• **Task objective**:
Look through the listing below for the line with "Functional Footwear Focus" and the line with "Blue Tape Painting LLC". Copy both, along with every line between them, exactly and with no pictures.

• **The input**:
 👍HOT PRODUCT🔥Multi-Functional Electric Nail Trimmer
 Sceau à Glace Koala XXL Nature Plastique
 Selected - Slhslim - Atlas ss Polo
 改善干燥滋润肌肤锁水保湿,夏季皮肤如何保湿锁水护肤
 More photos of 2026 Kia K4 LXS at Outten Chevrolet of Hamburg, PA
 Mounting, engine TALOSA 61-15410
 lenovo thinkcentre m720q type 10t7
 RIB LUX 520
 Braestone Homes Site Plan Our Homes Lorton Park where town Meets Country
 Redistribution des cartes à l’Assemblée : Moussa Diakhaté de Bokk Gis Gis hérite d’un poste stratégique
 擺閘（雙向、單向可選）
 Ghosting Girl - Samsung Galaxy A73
* * *
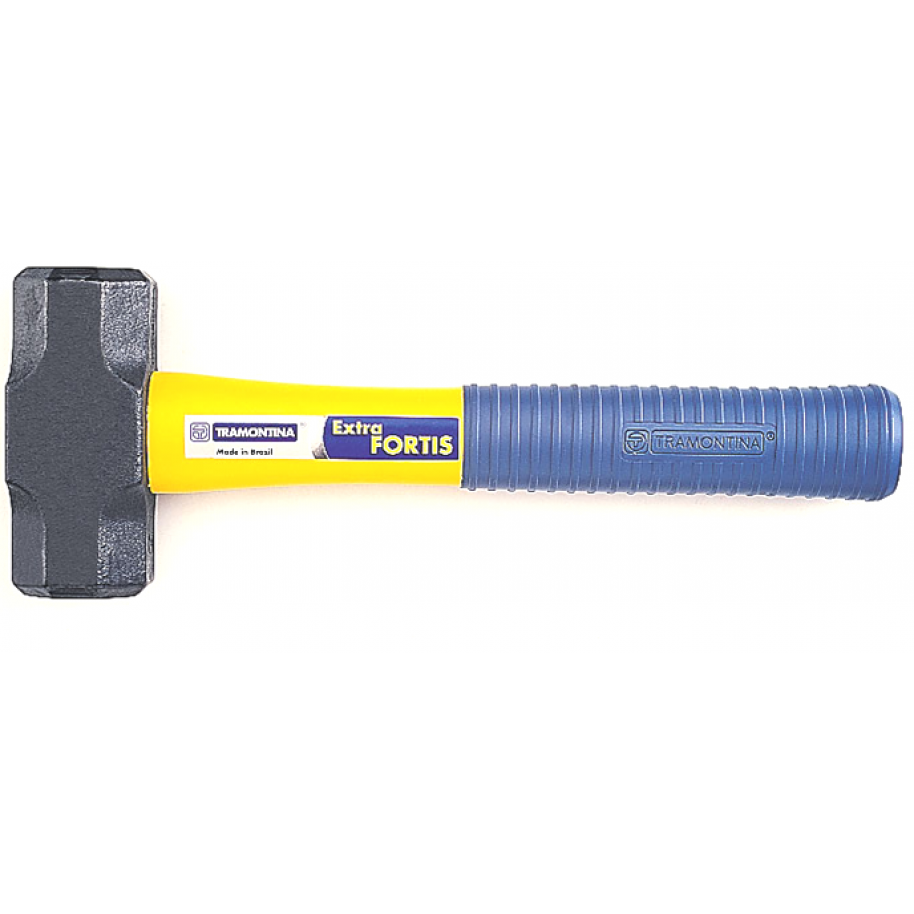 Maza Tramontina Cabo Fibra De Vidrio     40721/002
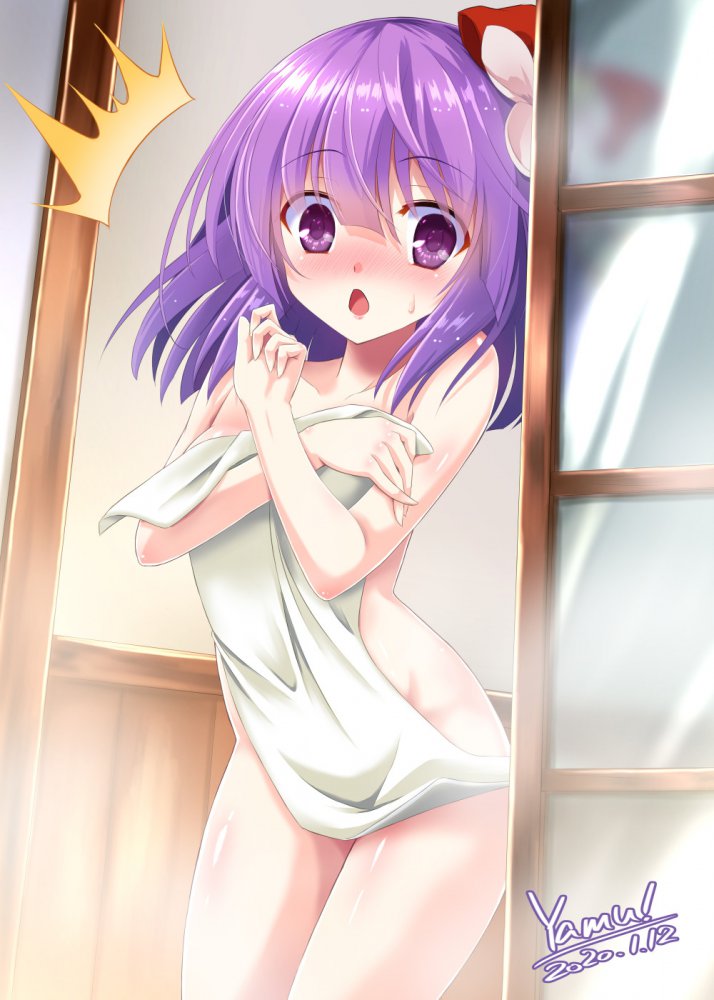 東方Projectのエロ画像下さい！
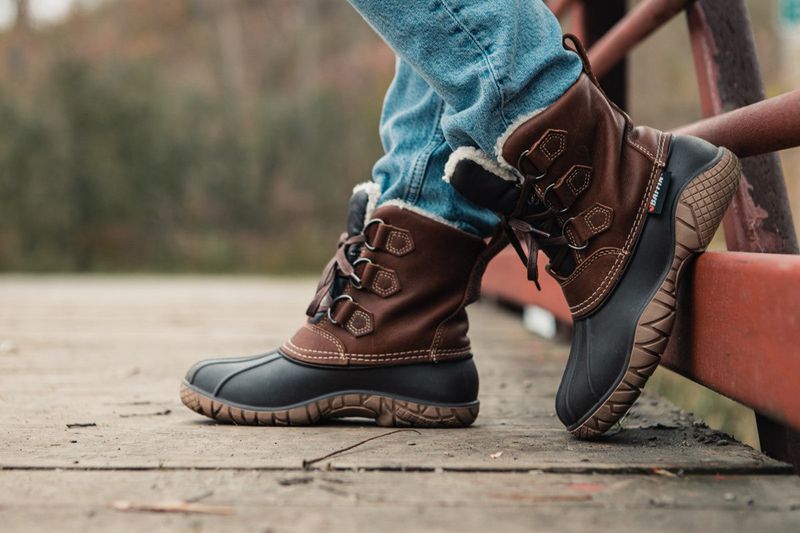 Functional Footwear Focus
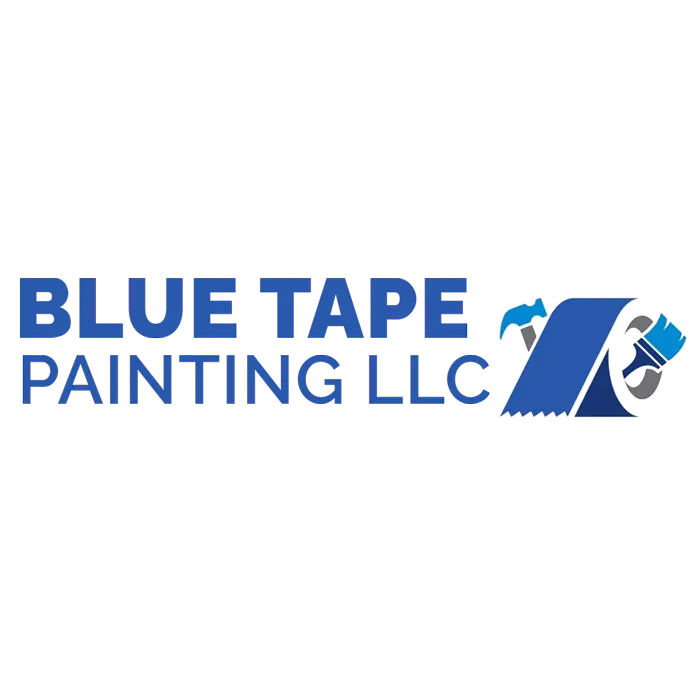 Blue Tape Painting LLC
* * *
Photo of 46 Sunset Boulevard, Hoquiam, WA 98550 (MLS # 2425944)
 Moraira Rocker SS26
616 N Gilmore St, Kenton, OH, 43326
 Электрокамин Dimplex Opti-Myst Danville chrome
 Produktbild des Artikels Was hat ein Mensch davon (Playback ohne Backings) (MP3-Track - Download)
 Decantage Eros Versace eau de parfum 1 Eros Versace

• **Worked solution**:
 Functional Footwear Focus
 Blue Tape Painting LLC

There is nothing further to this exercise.